ANOVA on ranks

From HandWiki
Revision as of 14:50, 6 February 2024 by Ohm (talk | contribs) (change)
(diff) ← Older revision | Latest revision (diff) | Newer revision → (diff)

In statistics, one purpose for the analysis of variance (ANOVA) is to analyze differences in means between groups. The test statistic, F, assumes independence of observations, homogeneous variances, and population normality. ANOVA on ranks is a statistic designed for situations when the normality assumption has been violated.

Logic of the F test on means

The F statistic is a ratio of a numerator to a denominator. Consider randomly selected subjects that are subsequently randomly assigned to groups A, B, and C. Under the truth of the null hypothesis, the variability (or sum of squares) of scores on some dependent variable will be the same within each group. When divided by the degrees of freedom (i.e., based on the number of subjects per group), the denominator of the F ratio is obtained.

Treat the mean for each group as a score, and compute the variability (again, the sum of squares) of those three scores. When divided by its degrees of freedom (i.e., based on the number of groups), the numerator of the F ratio is obtained.

Under the truth of the null hypothesis, the sampling distribution of the F ratio depends on the degrees of freedom for the numerator and the denominator.

Model a treatment applied to group A by increasing every score by X. (This model maintains the underlying assumption of homogeneous variances. In practice it is rare – if not impossible – for an increase of X in a group mean to occur via an increase of each member's score by X.) This will shift the distribution X units in the positive direction, but will not have any impact on the variability within the group. However, the variability between the three groups' mean scores will now increase. If the resulting F ratio raises the value to such an extent that it exceeds the threshold of what constitutes a rare event (called the Alpha level), the Anova F test is said to reject the null hypothesis of equal means between the three groups, in favor of the alternative hypothesis that at least one of the groups has a larger mean (which in this example, is group A).

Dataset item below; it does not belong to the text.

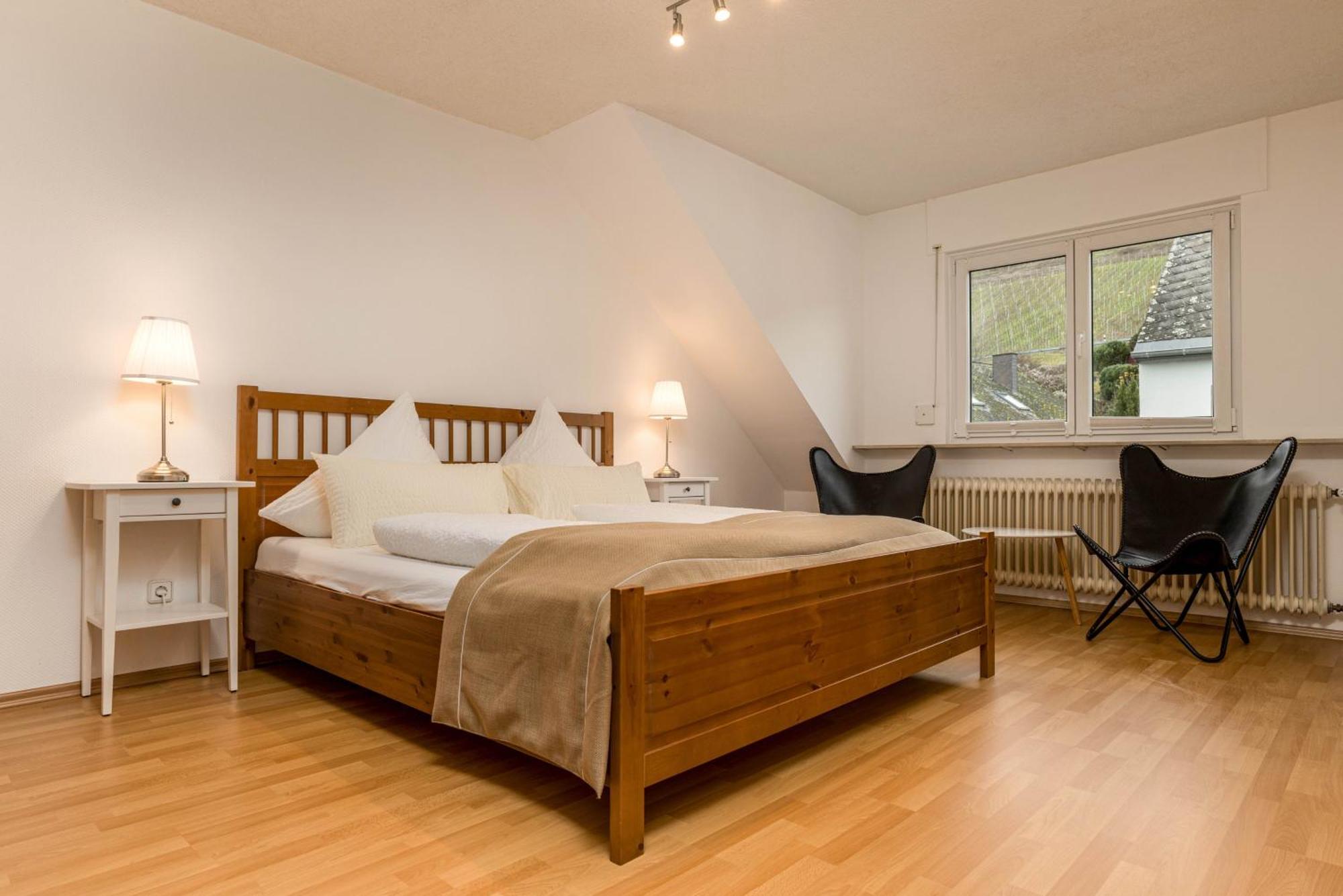 Riesling Appartement For 2 - 4 People - Billiards - Balcony With Mosel View - Parking - Wine Barrel Bar - Fully Equipped Kitchen - Netflix - Waiputv - 3 Km From Cochem Klotten Exterior foto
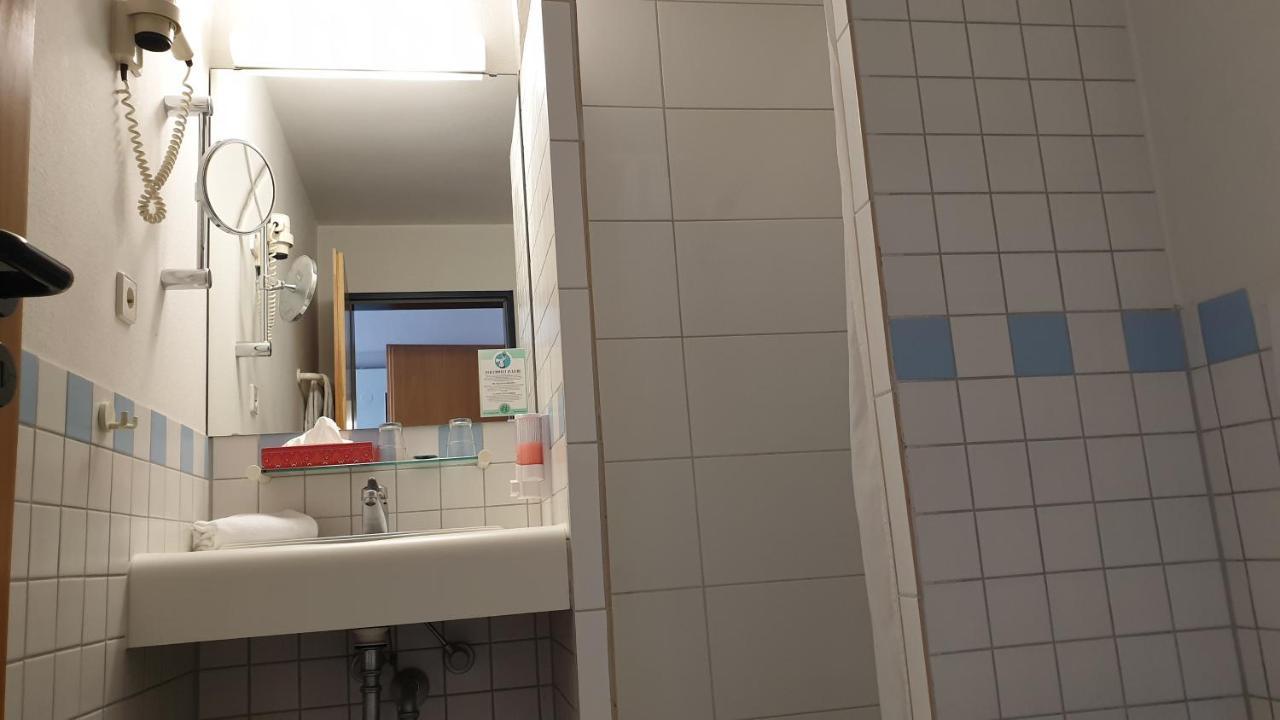 Loewen Hotel Arian Allmersbach im Tal Номер фото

Handling violation of population normality

Ranking is one of many procedures used to transform data that do not meet the assumptions of normality. Conover and Iman provided a review of the four main types of rank transformations (RT).[1] One method replaces each original data value by its rank (from 1 for the smallest to N for the largest). This rank-based procedure has been recommended as being robust to non-normal errors, resistant to outliers, and highly efficient for many distributions. It may result in a known statistic (e.g., in the two independent samples layout ranking results in the Wilcoxon rank-sum / Mann–Whitney U test), and provides the desired robustness and increased statistical power that is sought. For example, Monte Carlo studies have shown that the rank transformation in the two independent samples t-test layout can be successfully extended to the one-way independent samples ANOVA, as well as the two independent samples multivariate Hotelling's T2 layouts[2] Commercial statistical software packages (e.g., SAS) followed with recommendations to data analysts to run their data sets through a ranking procedure (e.g., PROC RANK) prior to conducting standard analyses using parametric procedures.[3][4][5]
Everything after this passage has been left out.